[[ Data under study open ]]
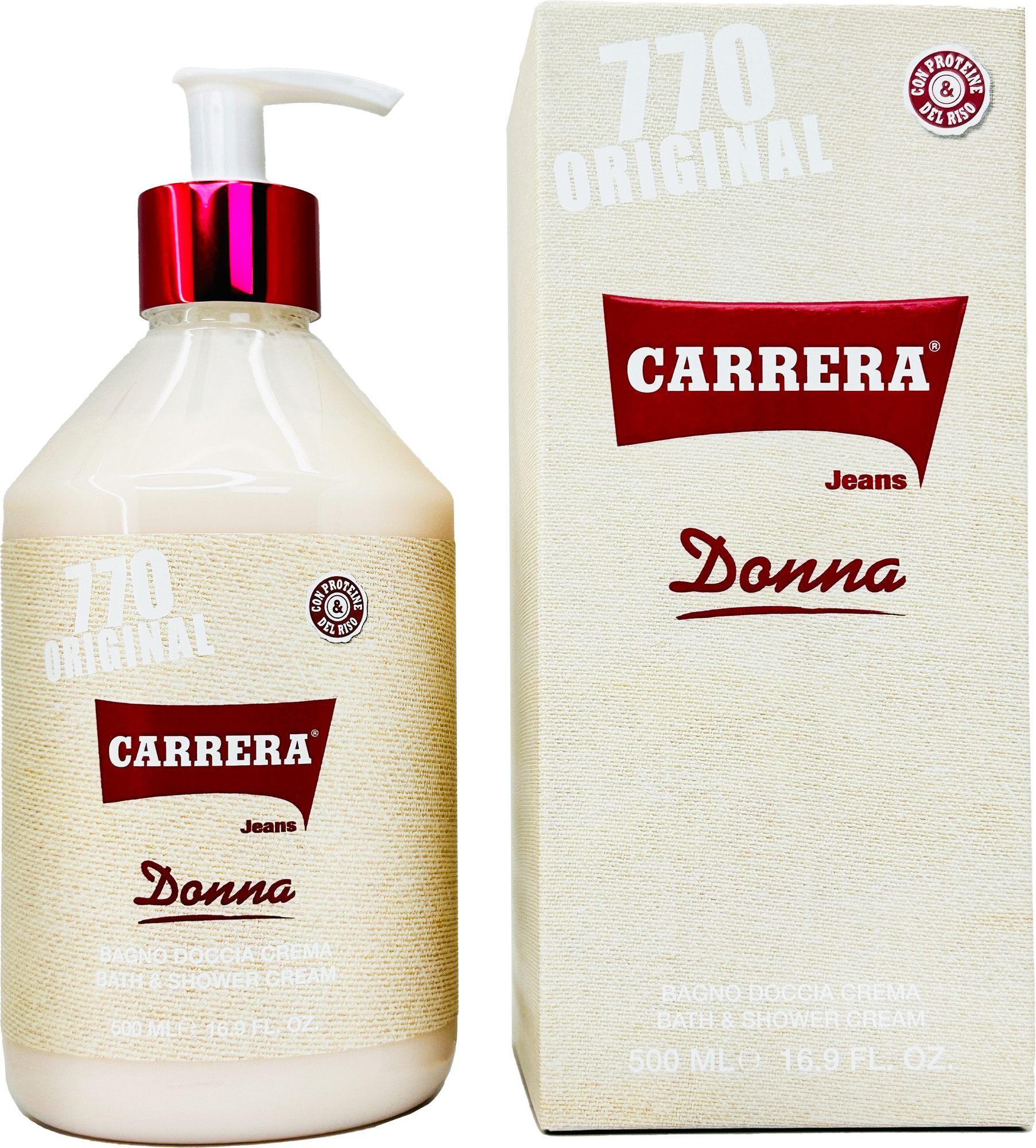 Крем для душа Carrera Jeans 770 Original Donna (500мл) — фото 2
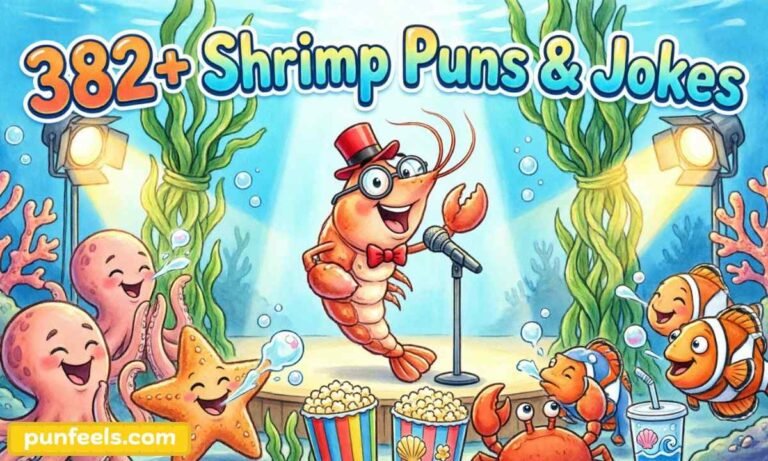382+ Shrimp Puns and Jokes Feature Image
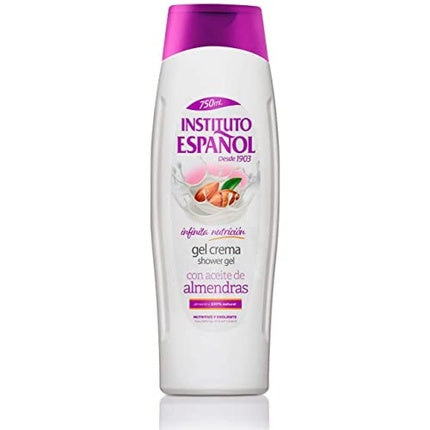Gel de duș, Instituto Español, migdale, 750ml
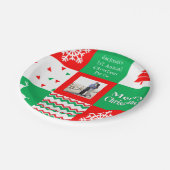 Persoonlijk kerstfeest Bord (Gekanteld)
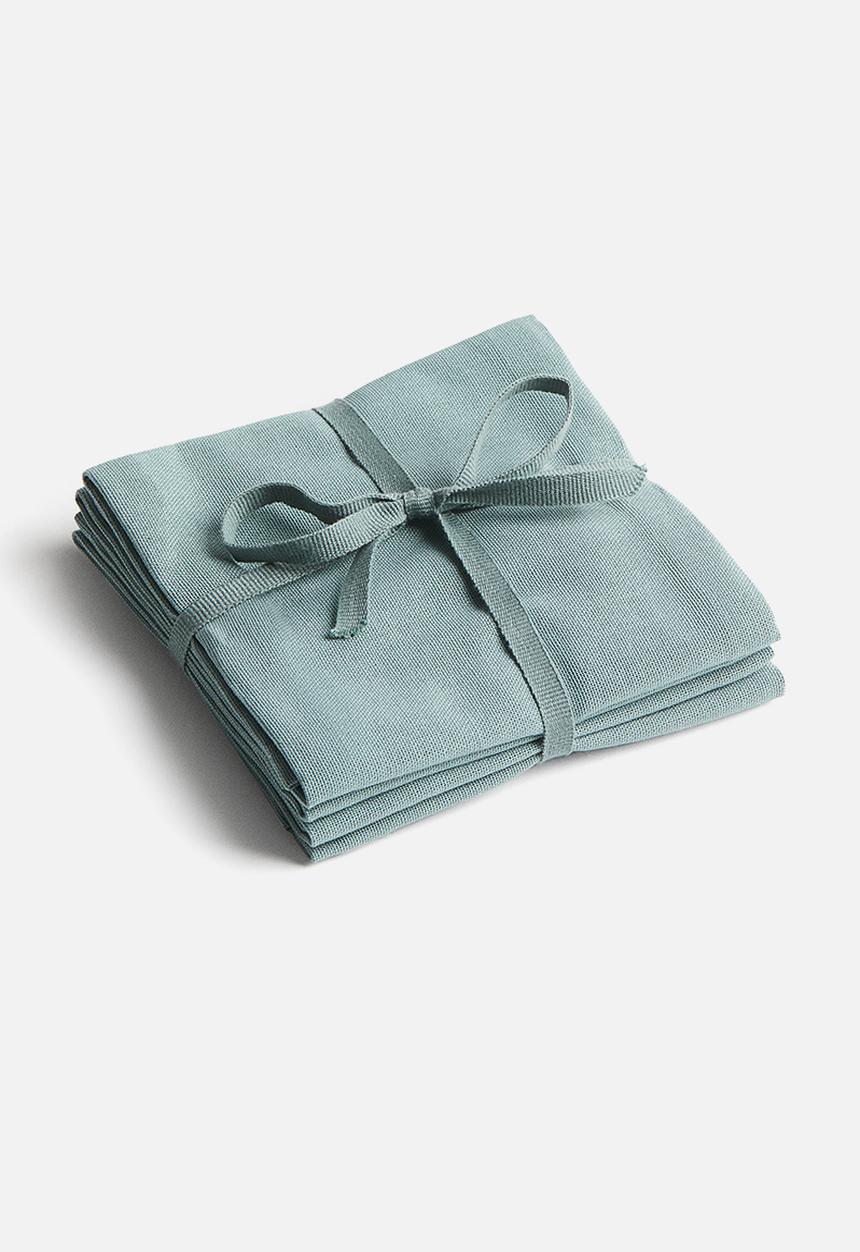 H&M - 4-pack cotton napkins - turquoise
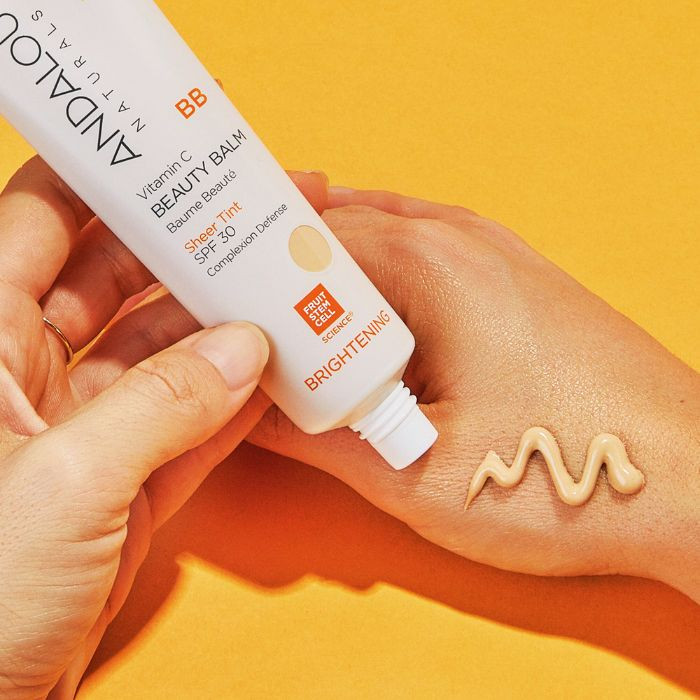 Andalou Brightening Vitamin C BB Beauty Balm Sheer Tint (SPF30) All-in-One Tinted Moisturizer 58ml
[[ Data under study closed ]]
**Task objective**
Please set down only the lines from the one containing "Persoonlijk kerstfeest Bord (Gekanteld)" through the end of the entries, exactly as they stand, both ends included and with no pictures.

**Answer space**
 Persoonlijk kerstfeest Bord (Gekanteld)
 H&M - 4-pack cotton napkins - turquoise
 Andalou Brightening Vitamin C BB Beauty Balm Sheer Tint (SPF30) All-in-One Tinted Moisturizer 58ml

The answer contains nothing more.